The data below should be copied out exactly, with its pictures omitted.

## GIVEN MATERIAL
------------------------------------------------------------------------
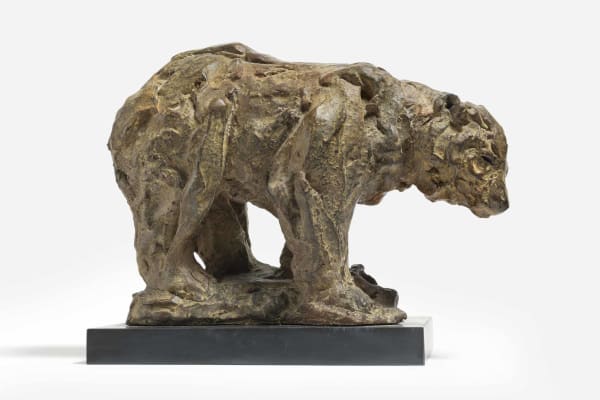 Tanya Brett, Brown Bear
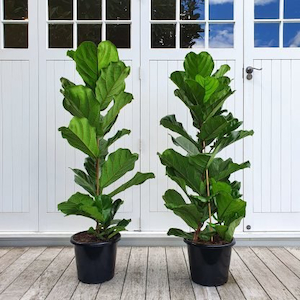 Fiddle Leaf Fig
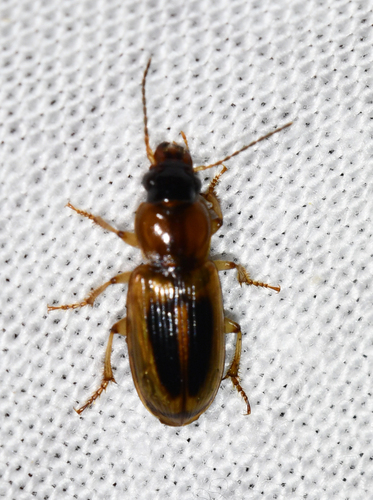 LeConte's Seedcorn Beetle photo 6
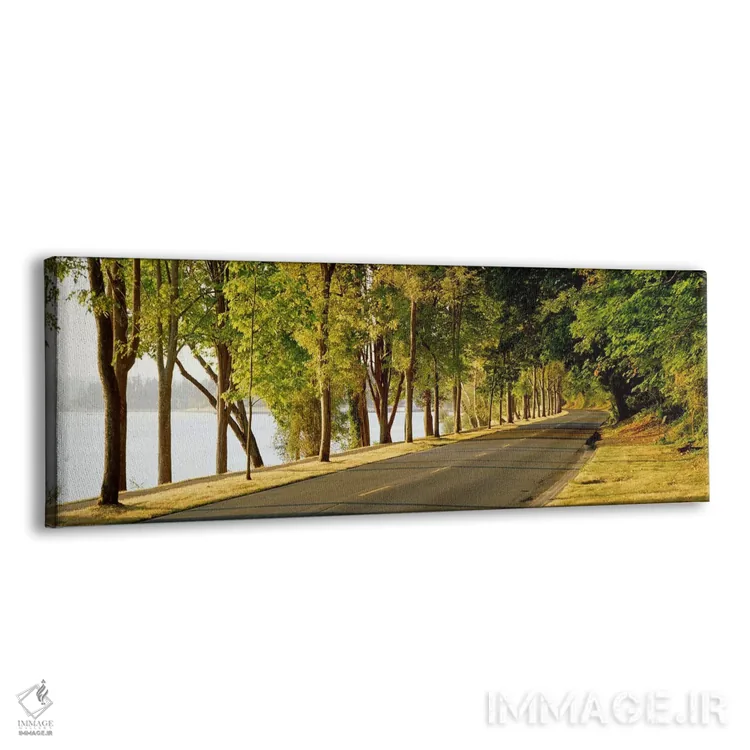 تابلو Lake Washington Boulevard, Seattle, Washington State, USA,درختان در دو طرف جاده، بولوار دریاچه واشنگتن، سیاتل، واشنگتن، آمریکا اثر پانورامیک ایمجز (استودیو عکاسی عریض) - نمای پرسپکتیو محصول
------------------------------------------------------------------------
## ANSWER TO THIS TASK
 Tanya Brett, Brown Bear
 Fiddle Leaf Fig
 LeConte's Seedcorn Beetle photo 6
 تابلو Lake Washington Boulevard, Seattle, Washington State, USA,درختان در دو طرف جاده، بولوار دریاچه واشنگتن، سیاتل، واشنگتن، آمریکا اثر پانورامیک ایمجز (استودیو عکاسی عریض) - نمای پرسپکتیو محصول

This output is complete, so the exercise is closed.